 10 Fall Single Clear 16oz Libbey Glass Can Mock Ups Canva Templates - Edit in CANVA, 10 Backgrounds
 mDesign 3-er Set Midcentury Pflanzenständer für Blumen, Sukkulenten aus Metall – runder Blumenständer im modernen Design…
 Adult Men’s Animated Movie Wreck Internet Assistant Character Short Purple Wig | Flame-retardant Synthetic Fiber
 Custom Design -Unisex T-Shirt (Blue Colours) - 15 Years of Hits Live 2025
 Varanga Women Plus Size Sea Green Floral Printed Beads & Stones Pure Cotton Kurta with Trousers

────────────────────────────────────────

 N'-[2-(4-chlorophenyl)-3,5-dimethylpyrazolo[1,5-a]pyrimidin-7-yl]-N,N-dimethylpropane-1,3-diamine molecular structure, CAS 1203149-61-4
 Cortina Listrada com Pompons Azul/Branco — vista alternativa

────────────────────────────────────────

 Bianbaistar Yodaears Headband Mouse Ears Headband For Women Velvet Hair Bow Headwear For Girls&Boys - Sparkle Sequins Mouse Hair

────────────────────────────────────────

* [Problem details] All that should be written out is the stretch of lines above between the one holding "Adult Men’s Animated" and the one holding "Varanga Women Plus", inclusive, exactly as given.

* [Result of the exercise]
 Adult Men’s Animated Movie Wreck Internet Assistant Character Short Purple Wig | Flame-retardant Synthetic Fiber
 Custom Design -Unisex T-Shirt (Blue Colours) - 15 Years of Hits Live 2025
 Varanga Women Plus Size Sea Green Floral Printed Beads & Stones Pure Cotton Kurta with Trousers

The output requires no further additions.